The group then drilled down on flood risk, county by county, predicting that for the New England and the mid-Atlantic regions, 100-year floods will occur annually for most areas toward the end of the century. That change is almost entirely accounted for by an increase in sea-level rise. “As the storm-surge level is relatively low at high latitudes, sea-level rise, which is relatively high at high latitudes, causes a more dramatic change in flooding,” Lin says.
For the southern Atlantic and Gulf coasts, the study predicts greater variation in the rate of 100-year floods, ranging from every one to 30 years by century’s end. That change, they found, will be due in almost equal measure to sea-level rise and increased storm activity. “The storm-surge level is high to start with, so the lifting of sea level can’t change as dramatically,” Lin says, “but since intense storms will likely happen more often, they can contribute to a bigger part of that change.”
While the study adds urgency to efforts to slow climate change, the geographic specificity can also help areas plan for worst-case scenarios. Lin says there is much they can do to prepare, including building coastal barriers such as seawalls, house-elevation studies, and wetland conservation.

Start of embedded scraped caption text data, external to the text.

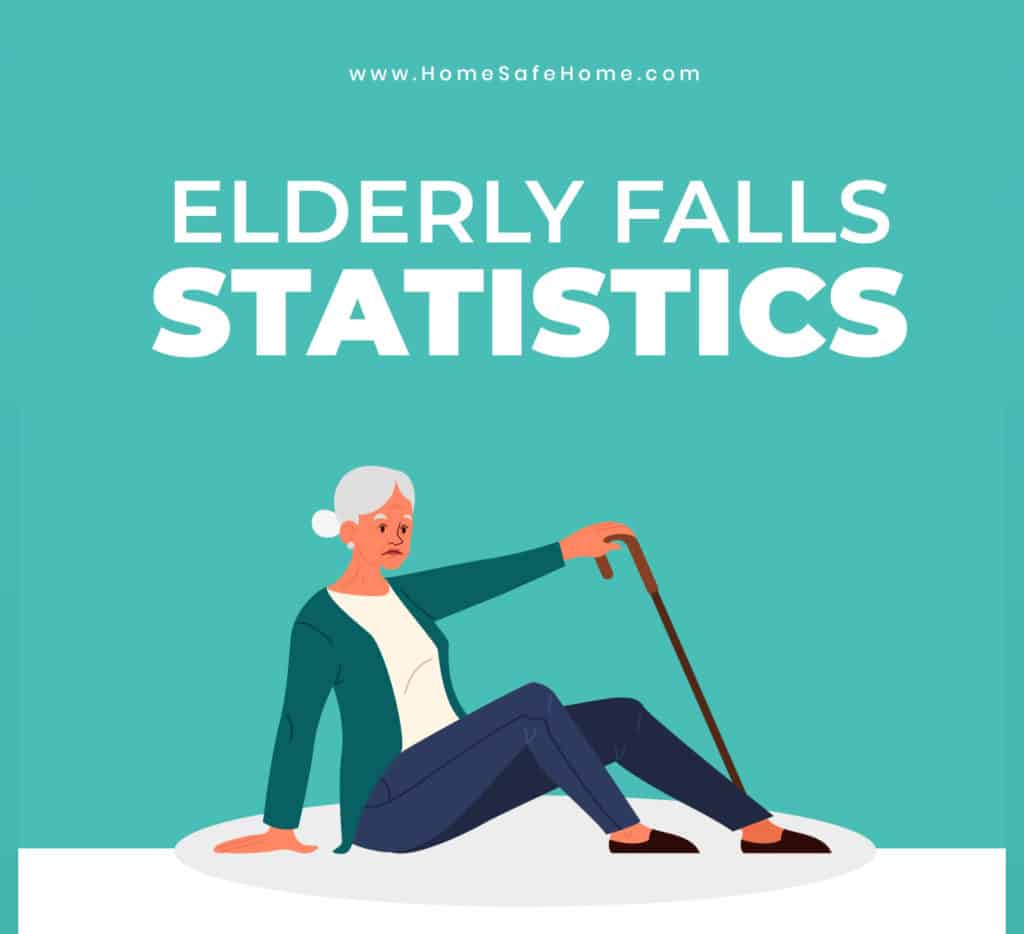 elderly falling infographics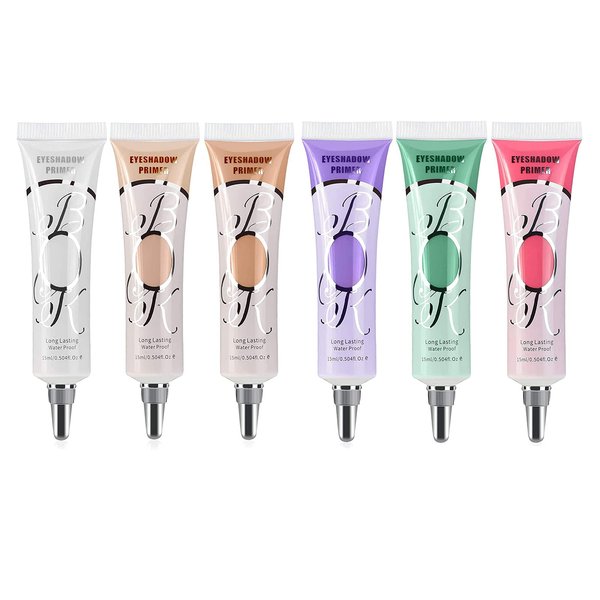 Eyeshadow Makeup Primer, COOSA 6 Colors Liquid Matte Eyeshadow Primer Waterproof Long Lasting Eyeshadow Primer Base Makeup Set
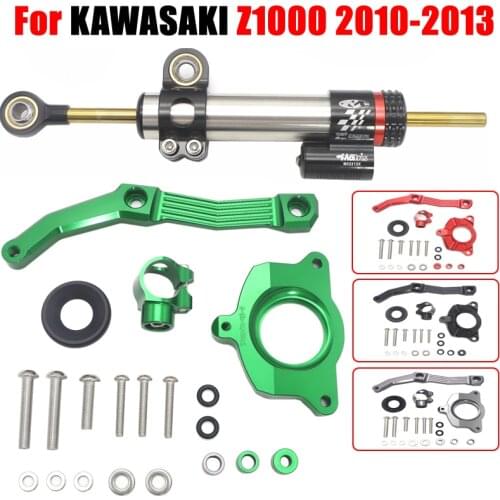 For KAWASAKI Z1000 2010-2013 CNC Aluminum Adjustable Motorcycles Steering Stabilize Damper Bracket Mount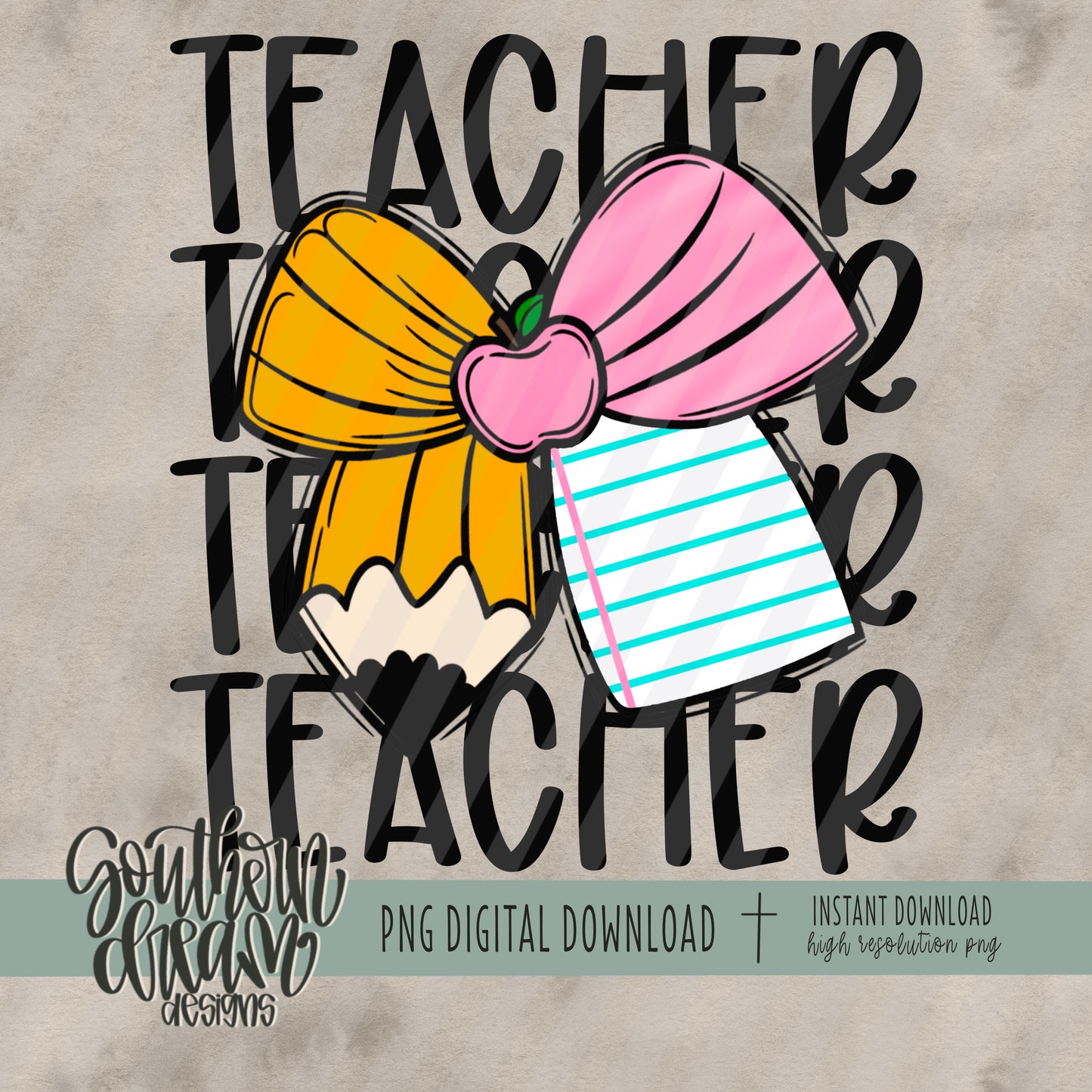 Teacher Stacked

The study could be used on a larger level to influence environmental policy. Current Federal Emergency Management Agency flood maps are drawn with 100-year flood levels in mind. “They haven’t included the effect of climate change, so the maps send people wrong messages about future risk,” Lin says. Changing those maps could help the government better appropriate resources for disasters, influence future coastal construction, and even encourage people to live farther away from the shoreline — so that when these catastrophic storms do occur, they might cause less damage overall.